# Source material:
━━━━━━━━━━━━━━━━

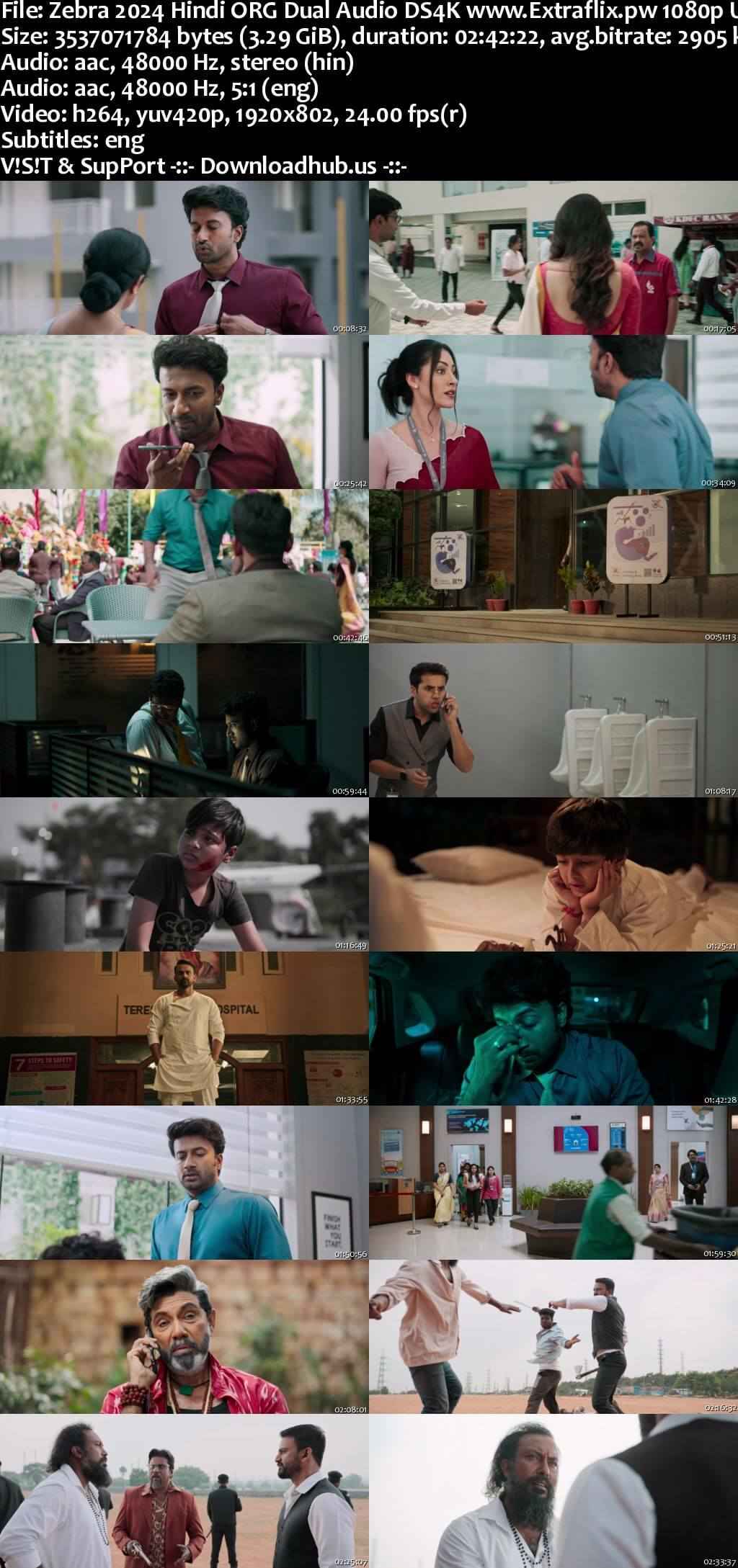 Zebra 2024 Hindi ORG Dual Audio Movie DD2.0 DS4K 4k 1080p 720p 480p UNCUT HDRip ESubs HEVC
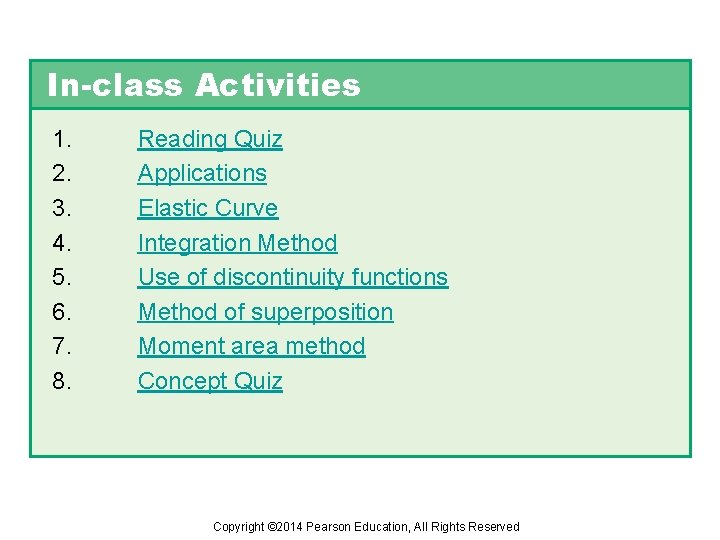 In-class Activities 1. 2. 3. 4. 5. 6. 7. 8. Reading Quiz Applications Elastic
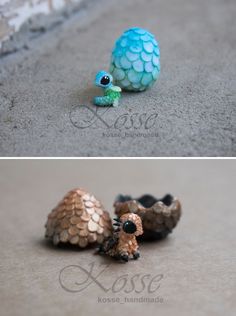 two pictures of small figurines on the ground and one has a turtle in it's shell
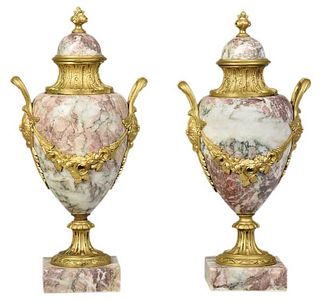 Pair Louis XVI Style Breche Violette Marble Urns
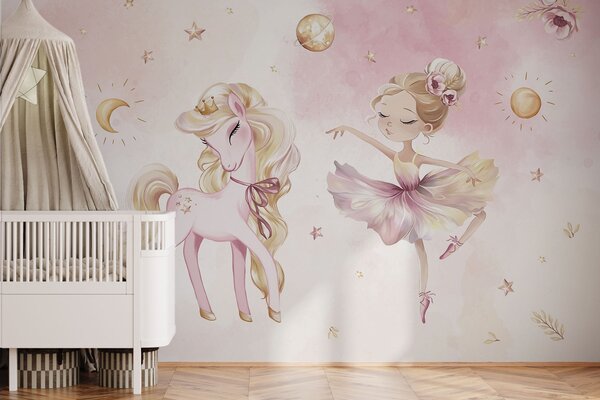 Fotótapéta Egyszarvú és balerina egy rózsaszín tündérmesében, gyermekmese, Gyerek fotótapéta, w04196 : Uwalls.hu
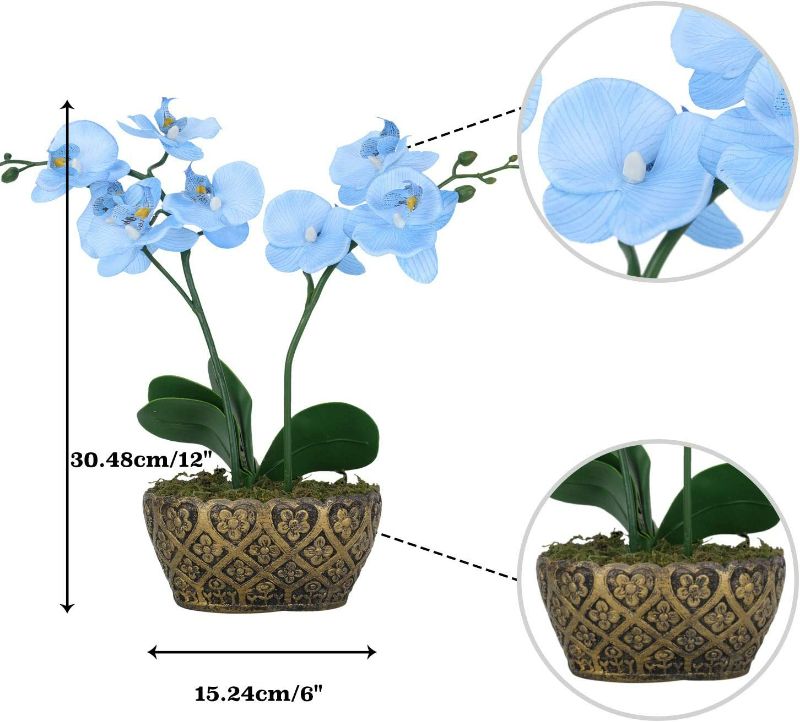 Photo 4 of Blue Artificial Orchid Flower Arrangement with Vase Lifelike Artificial Flower with Decorative Vase Vivid Potted Plant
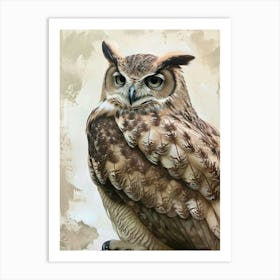 Philipine Eagle Owl Painting 1 Art Print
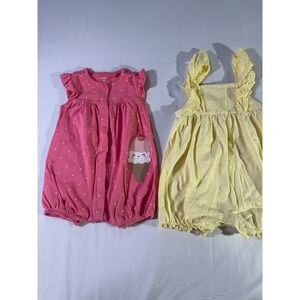Carter's Baby Girls 12M Romper Lot Pink Ice Cream Polka Dot Yellow Eyelet Lace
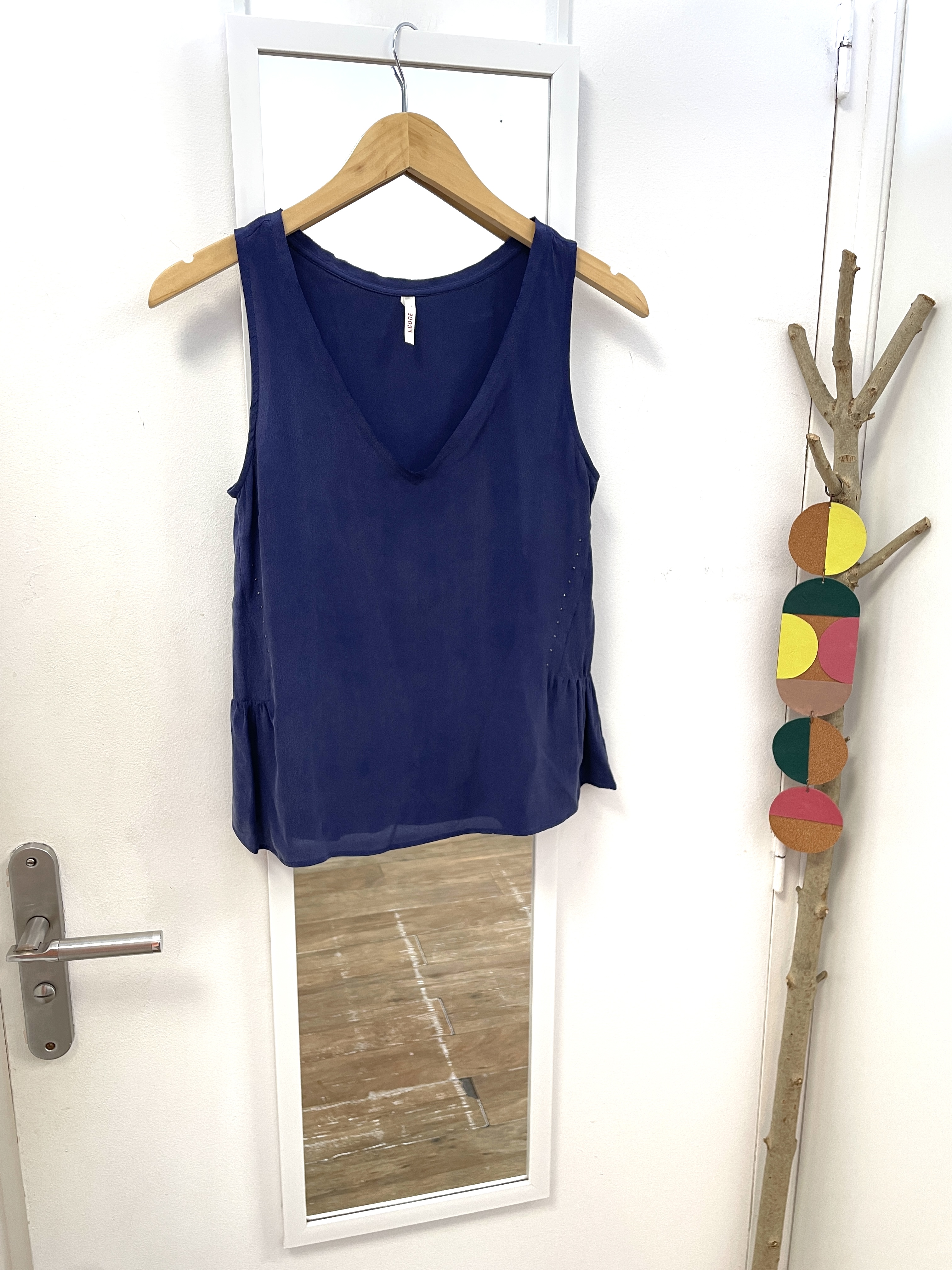top, tee-shirt, débardeur, haut, prêt à porter, mode, vêtements, friperie, seconde main, i code, soie
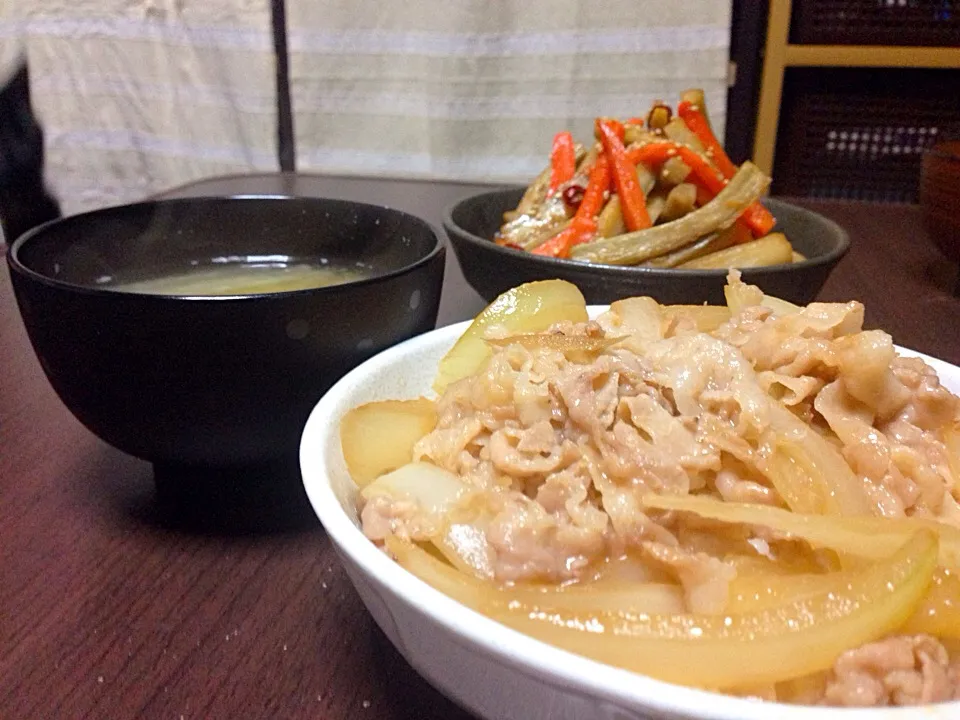 昨日の豚丼ときんぴら|こんこんさん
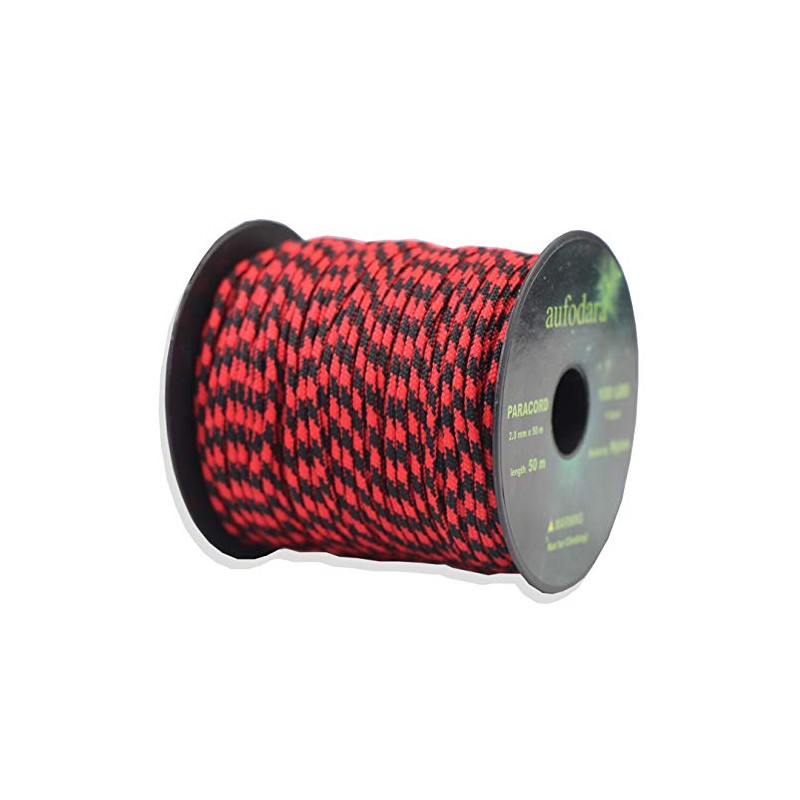 aufodara 50 Metres paracord cords, 2 millimetres nylon rope, 1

━━━━━━━━━━━━━━━━

# About this task:
Only one stretch of the entries above is needed: the lines from the one containing "Fotótapéta Egyszarvú és" through the one containing "Carter's Baby Girls". Copy it exactly, without the pictures.

# Answer space:
 Fotótapéta Egyszarvú és balerina egy rózsaszín tündérmesében, gyermekmese, Gyerek fotótapéta, w04196 : Uwalls.hu
 Photo 4 of Blue Artificial Orchid Flower Arrangement with Vase Lifelike Artificial Flower with Decorative Vase Vivid Potted Plant
 Philipine Eagle Owl Painting 1 Art Print
Carter's Baby Girls 12M Romper Lot Pink Ice Cream Polka Dot Yellow Eyelet Lace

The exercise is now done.